Recently, though, I came to a point in writing where a character needs a weapon. This character is a shepherd, and he doesn’t have any money or influential friends. Naturally, I thought of David, probably most famous warrior-shepherd in history, and his sling.
I hadn’t really thought about what kind of sling David used. I always pictured him using a handheld sling, probably because that’s how the story is usually portrayed in paintings and illustrations. Truth be told, though, I didn’t know much about slings.
I started researching, and found a great video that argues David probably used a staff sling.
I had never heard of a staff sling before.
A staff sling is very similar to a handheld sling, but with the cords attached to the top of a staff or long stick. One cord is tied firmly to the staff, while the other is tied in a loop that slips over the top and sits on the first cord. To throw, you use a motion similar to throwing a lacrosse ball, and at a certain angle, the loop of the second cord slips off and the projectile is released.
It looks like this:
That was only my 10th attempt or so. I got better with practice.
A shepherd, alone with his flock, would have plenty of time to practice.
As evidence that David used a staff sling, the folks in the video cite scripture:
“And he took his staff in his hand, and chose him five smooth stones out of the brook, and put them in a shepherd’s bag which he had, even in a scrip; and his sling was in his hand: and he drew near to the Philistine.” (1 Samuel 40)
Based on this passage, they note that:
- David had his staff with him
- Going into combat, he wouldn’t be carrying anything he didn’t need
- It’s hard to use a hand sling with a staff in your other hand
- It’s very difficult to load a sling with a staff in your other hand
- Staff slings are easy to make (just as easy as hand slings)
- Staff slings are easy to conceal (just as easy as hand slings)
- Staff slings generate more power (2x or more)
- Staff slings are faster to throw
- Shepherds always carry a staff anyway
- Staff slings might be more accurate
They then do some backyard tests, which show that a staff sling generates at least twice as much power as a hand slingshot, and inflicts a lot more damage.

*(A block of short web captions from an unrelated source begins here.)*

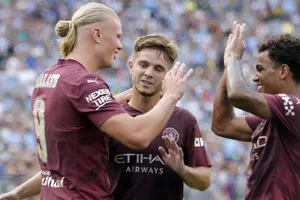 ¿Competencia para Raúl Jiménez? Fulham va con todo por delantero noruego de Manchester City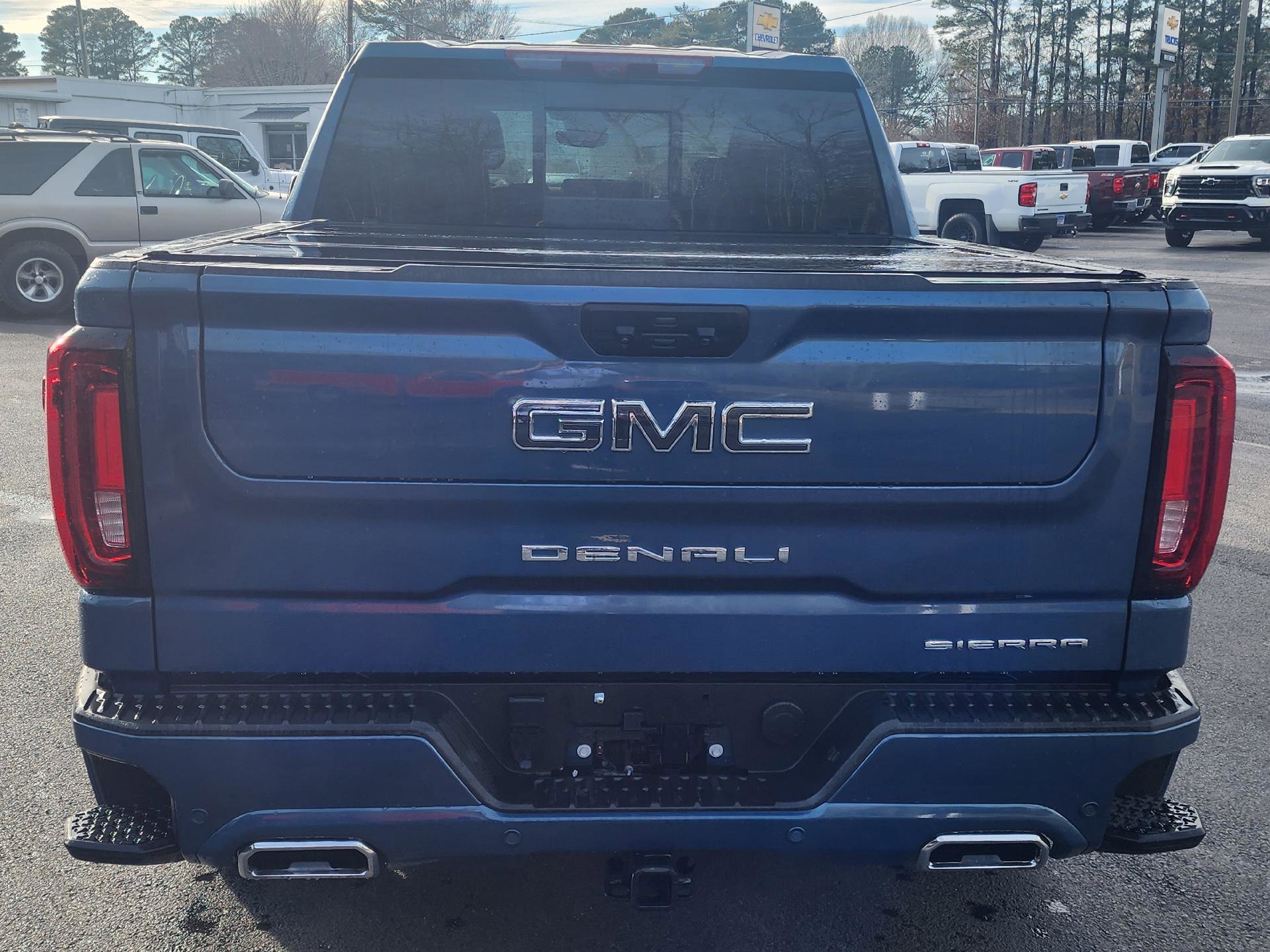 Used 2025 GMC Sierra 1500 Denali Ultimate image 4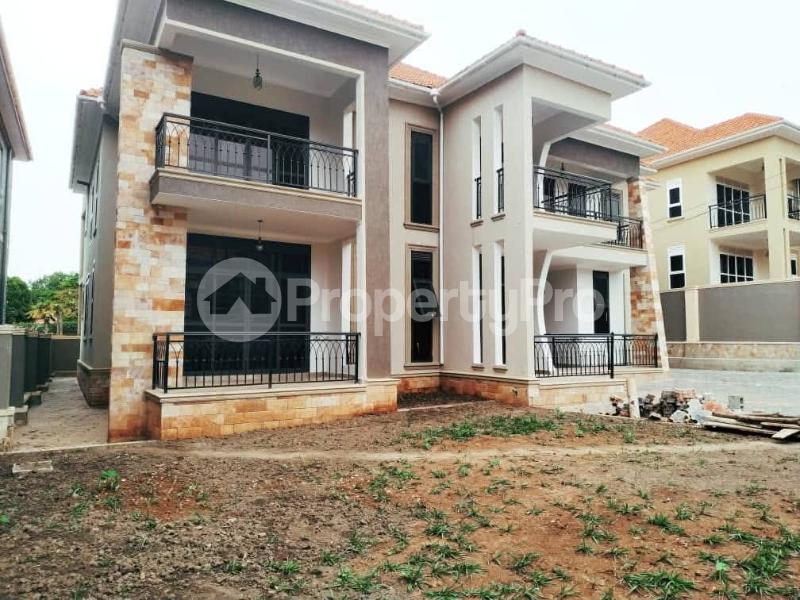 6 bedroom Villa for sale Kira najjera road  Kira Wakiso Central - 2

In my own practice, I found the staff sling definitely generates a lot of power. Mine seems to work best with larger rocks, about the size of a tangerine or a small orange. When I hit exposed ledge or a boulder, the projectile would often explode, sending shards up to 30 feet in the air. Even more surprising, when I threw into water, the projectile would often pop back out of the water, and a few times it jumped 6 or 8 feet straight up!
It’s key to understand that a sling is a powerful weapon that an ordinary person can make using ordinary materials. It requires only cord, which can be either woven rope or sinew from an animal, leather for the cradle, and stones, which can be found anywhere.
Also, a sling may be easily hidden within a pouch. A shepherd could carry a sling, and no one would know.
The sling itself is basically the same for both a hand sling and a staff sling. A shepherd would almost always carry a staff, so a staff sling and a hand sling would be equally convenient and equally easy to conceal.
I practiced with my staff sling by a small river, and found plenty of stones of just the right size along the riverbed. It makes sense to me that David “chose him five smooth stones out of the brook” as he prepared for battle. I think a person would be able to find suitable ammunition in almost any landscape.
So, I concluded that this character uses a staff sling.
I imagine shepherds across the world must have used this style of sling for thousands of years. Perhaps many of them even considered it to be the weapon of the prophet David.